Sengupta Lab - Sarah E. Hall Profile

Sarah E. Hall

Postdoctoral fellow

PhD, University of Chicago, 2004

BS, Texas A&M University, 1998

sehall@brandeis.edu

Experiences during a critical period of early developmental stages have been shown to shape adult behaviors in many species. I am interested in how organisms create a ‘cellular memory’ of these experiences, and how this memory is translated into changes in gene expression that result in altered adult behaviors.

To examine this phenomenon, I use the model organism C. elegans, which can have variable developmental programs depending on its environment during early larval stages. In C. elegans, overcrowding of animals, scarce amounts of food, and high temperatures during the L1/L2 larval stage may trigger entry into the alternative dauer developmental stage (Figure 1).

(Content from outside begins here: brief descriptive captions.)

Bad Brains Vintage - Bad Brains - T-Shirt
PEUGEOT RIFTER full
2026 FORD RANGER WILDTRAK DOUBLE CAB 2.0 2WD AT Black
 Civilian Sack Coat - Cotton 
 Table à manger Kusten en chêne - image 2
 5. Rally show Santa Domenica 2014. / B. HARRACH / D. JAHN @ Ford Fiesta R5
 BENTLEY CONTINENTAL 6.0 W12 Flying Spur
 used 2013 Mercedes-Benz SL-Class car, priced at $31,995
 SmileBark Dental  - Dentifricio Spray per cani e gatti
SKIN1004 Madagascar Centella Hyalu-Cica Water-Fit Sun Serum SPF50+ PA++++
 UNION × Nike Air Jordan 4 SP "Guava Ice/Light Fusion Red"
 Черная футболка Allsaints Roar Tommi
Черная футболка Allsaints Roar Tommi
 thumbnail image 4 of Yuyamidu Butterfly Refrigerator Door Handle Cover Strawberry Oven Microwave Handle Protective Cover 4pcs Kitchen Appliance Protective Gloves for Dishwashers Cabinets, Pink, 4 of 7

Animals exit from the dauer stage and resume reproductive growth when conditions become more favorable. During the dauer stage, many tissue types are remodeled and gene expression patterns are altered. However, post-dauer animals appear grossly similar to animals that bypassed the dauer stage. Thus, whether post-dauer animals retain a cellular memory of their developmental history remains unclear.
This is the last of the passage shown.